Remake di un misconosciuto film americano del 1977, Knock Knock rappresenta il sogno (e l’incubo) del medio padre di famiglia, ovvero ritrovarsi in casa da solo in una serata di pioggia battente, moglie e figli lontani per lavoro, e venire brutalmente sedotto da una coppia di disinibite ventenni apparsa senza apparente motivo alla porta di casa. In questo thriller di Eli Roth, regista del quasi coevo Green Inferno, a farne le spese è un redivivo Keanu Reeves, architetto, un tizio che dalla vita ha avuto tutto, moglie bellissima, figli perfetti, una casa da sogno piena di cose superflue, una buona salute, eppure nulla di ciò che possiede gli basta per davvero. Per questo non ci pensa due volte a dare ospitalità a due ragazzette mezze biotte (Ana de Armas, la bionda; Lorenza Izzo di Green Inferno la bruna), che con la scusa di essersi smarrite gli si intrufolano in casa, nell’attesa che il buon proprietario gli asciughi gli indumenti e chiami loro un taxi. Comincia un gioco perverso di seduzione, ammiccamenti e strizzatine d’occhio, e nel giro di un quarto d’ora la piovigginosa serata si trasforma in un’orgia selvaggia, con tanto di quadretti famigliari che ruzzolano per terra perché colpiti dagli affondi ferini dei partecipanti. Fine prima parte.
La mattina successiva, il nostro architetto si sveglia in preda ai sensi di colpa, ma purtroppo le ragazzine non se ne sono andate, gli preparano la colazione, schiamazzano, urlano e lo tormentano. Lui cerca di mandarle via, ma quelle non ne vogliono sapere. E se non avessero vent’anni, come avevano dichiarato in un primo momento? Se non fossero nemmeno maggiorenni?
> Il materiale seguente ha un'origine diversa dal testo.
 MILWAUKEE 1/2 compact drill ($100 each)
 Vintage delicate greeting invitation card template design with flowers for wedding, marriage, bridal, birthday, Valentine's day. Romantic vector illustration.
Roth, aiutato dai suoi collaboratori di vecchia data, Guillermo Amoedo e Nicolás López, costruisce una storia tesissima la cui genialità sta tutta nel ribaltamento degli ormai abusati stereotipi riguardanti la violenza sui minori. In una società di braghettoni che santifica l’adolescente e condanna l’adulto che lo concupisce, cosa potrebbe succedere se accadesse il contrario: cioè se fossero i minori a sfruttare le leggi a loro protezione per accusare il maggiorenne e ricattarlo nel modo più spregevole? Eli Roth lavora su queste domande, esplora i lati più oscuri della sessualità umana, trasforma la casa dell’architetto in un’architettura psichica di perversioni, impulsi diabolici, esplosioni di eros e thanatos che si annullano reciprocamente.
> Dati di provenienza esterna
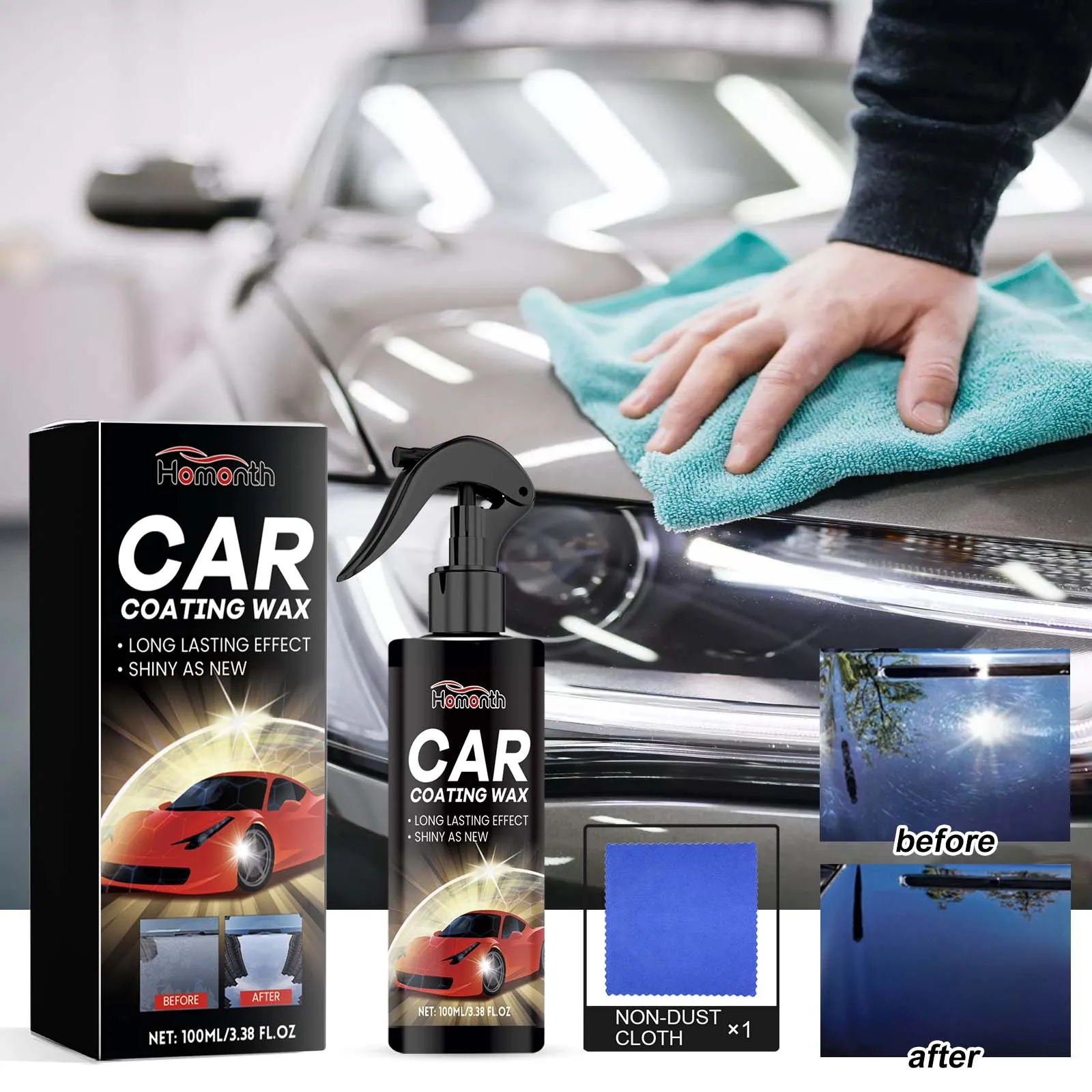Homonth ยานยนต์เคลือบตัวแทน Hydrophobic คริสตัลขัดบํารุงรักษาเคลือบตัวแทนสําหรับแว็กซ์รถยนต์ NANO Coating 3 ชิ้น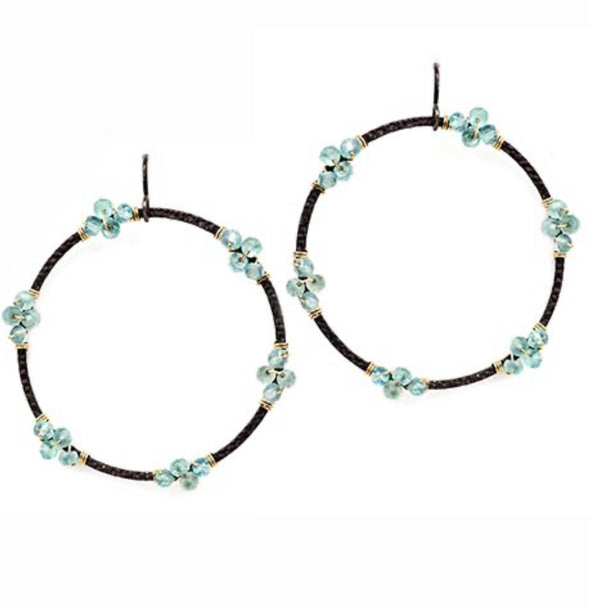 Chalcedony clustered hoop earrings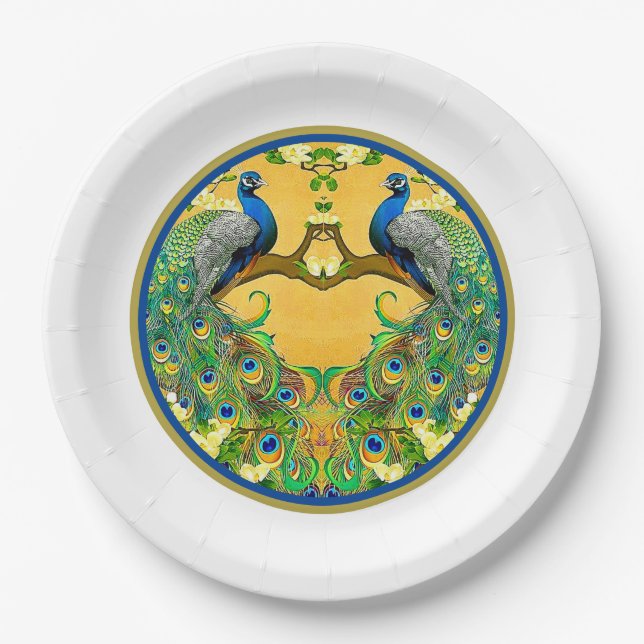 Plato De Papel Peacock azul indio vintage (Anverso)
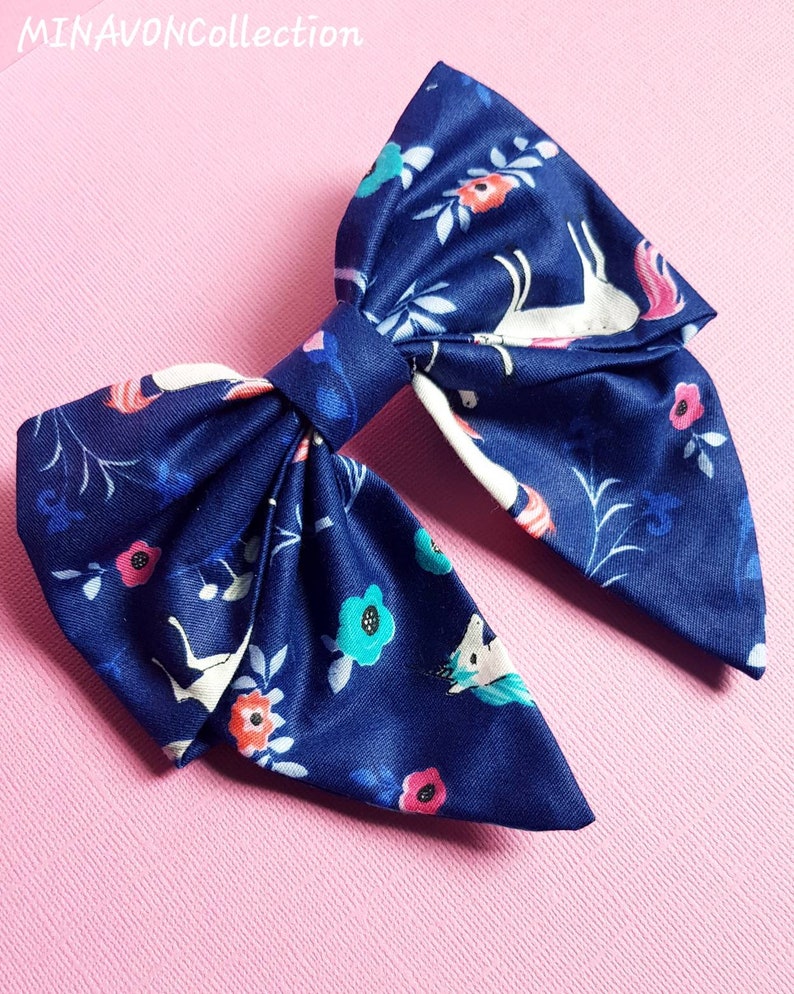 Barrettes Hair Bow Unicorn Hair Bow on Barrette clips Hair Clip Navy unicorn sailor bow White unicorn sailor bow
Certo l’interesse sociologico è tutto di facciata, come d’altronde lo era per Hostel, perché Eli Roth concepisce il suo film come la proverbiale palla di neve che innesca la valanga: nel momento in cui lo sprovveduto proprietario accetta le regole del gioco, facendosene soggiogare, divenendo inconsapevole schiavo delle due ospiti, la tragicità delle conseguenze si fa consustanziale alle sue scelte, alle debolezze della carne come a quelle dello spirito. È l’anarchia ad accendere la fantasia degli abili sceneggiatori, l’assenza di regole o la riscrittura delle stesse secondo principi deviati, l’idea che l’orrore non sia altro che l’inscenare la necessità di perversione che ognuno di noi si porta dentro.
Peccato che ogni strappo alla regola contempli un’imprescindibile punizione, e in Knock Knock di perversioni se ne vedono di cotte e di crude: la biondina lega Reeves al letto e lo cavalca travestita da bambina. Lui fa resistenza, ma lei lo azzittisce mettendogli le mutandine in bocca. Peccato che le mutandine siano di sua figlia. La bruna riprende tutto con l’iPhone e minaccia di caricare in rete…
Marco Marchetti
Knock Knock
Regia: Eli Roth. Sceneggiatura: Eli Roth, Guillermo Amoedo, Nicolás López. Fotografia: Antonio Quercia. Montaggio: Diego Macho. Musica: Manuel Riveiro. Interpreti: Keanu Reeves, Lorenza Izzo, Ana de Armas. Origine: USA, 2015. Durata: 99′.